▶ Task description: Output the data word for word, dropping every image.

▶ Data provided:
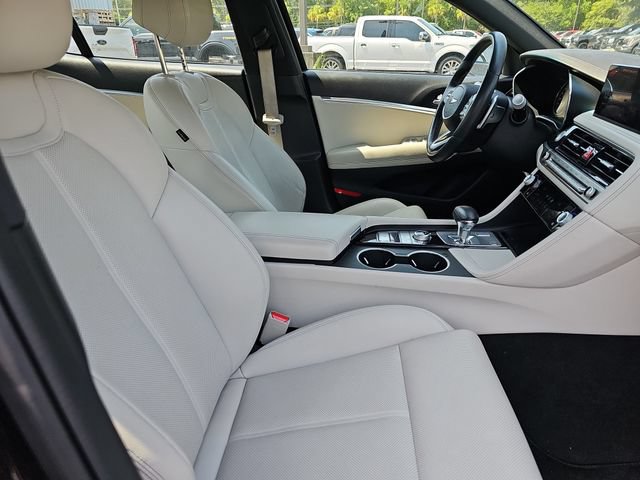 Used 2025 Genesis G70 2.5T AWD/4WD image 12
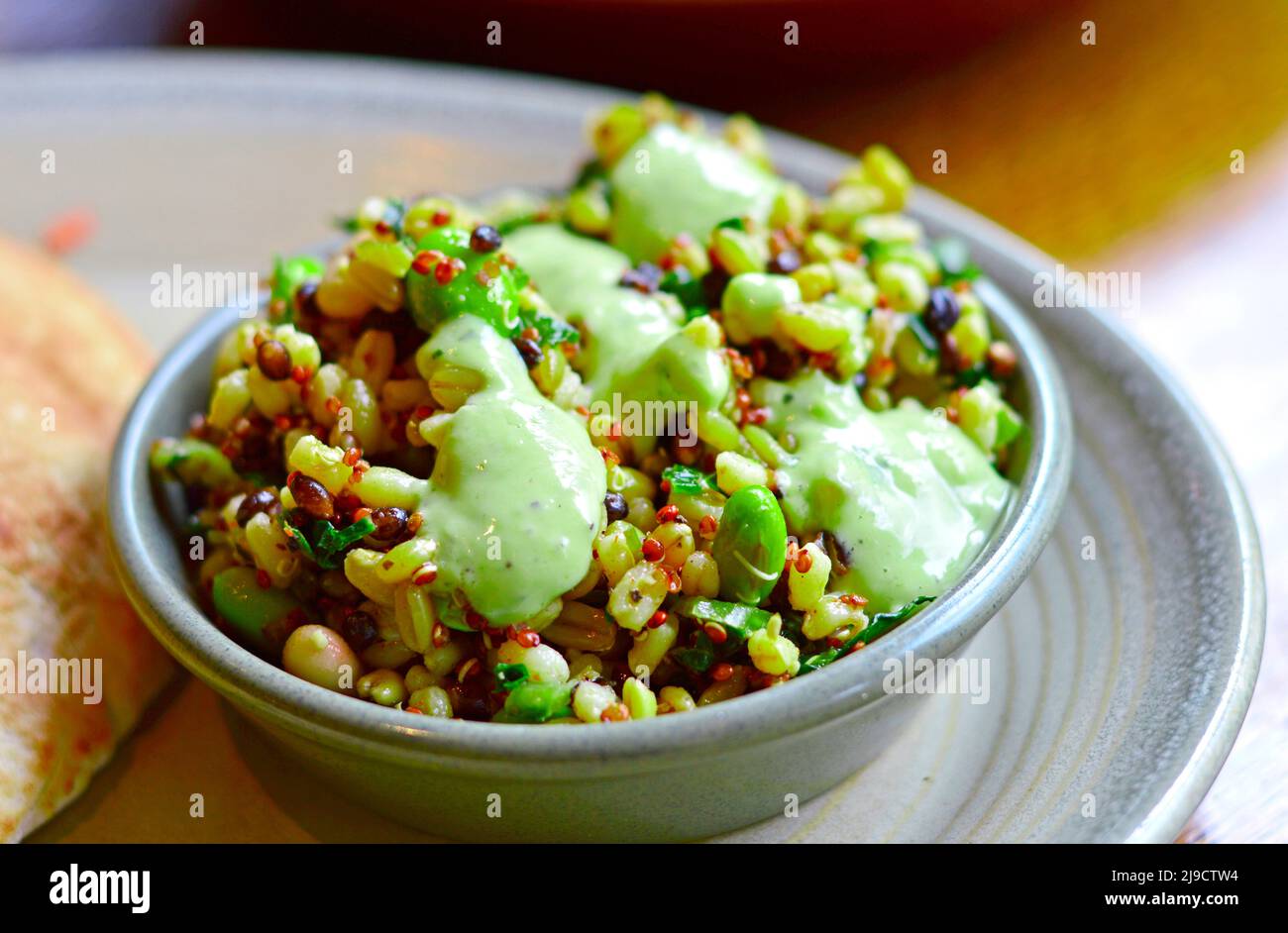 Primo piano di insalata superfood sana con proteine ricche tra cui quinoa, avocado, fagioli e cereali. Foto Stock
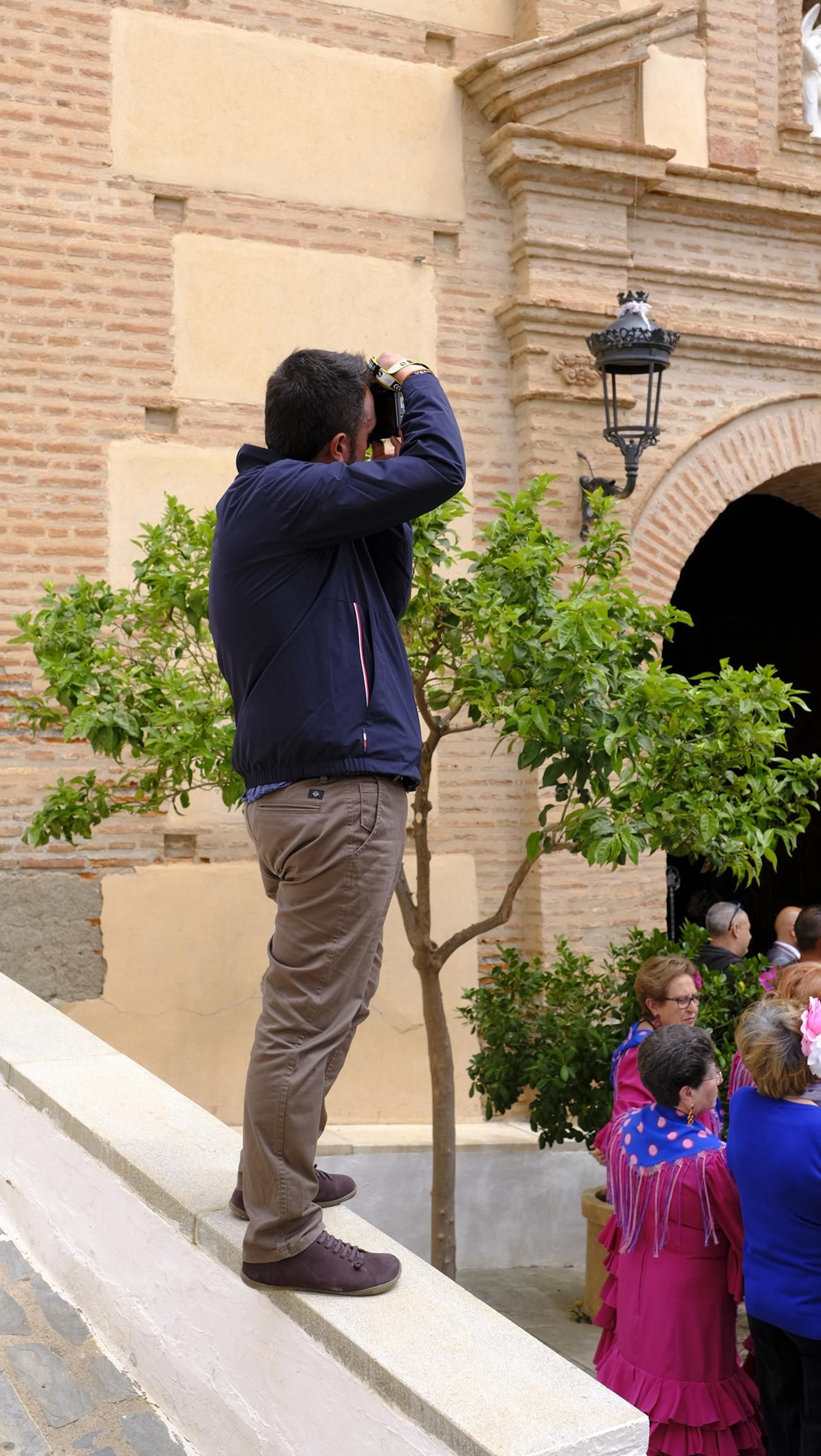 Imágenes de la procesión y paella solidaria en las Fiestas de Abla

▶ Solution to this task:
 Used 2025 Genesis G70 2.5T AWD/4WD image 12
 Primo piano di insalata superfood sana con proteine ricche tra cui quinoa, avocado, fagioli e cereali. Foto Stock
 Imágenes de la procesión y paella solidaria en las Fiestas de Abla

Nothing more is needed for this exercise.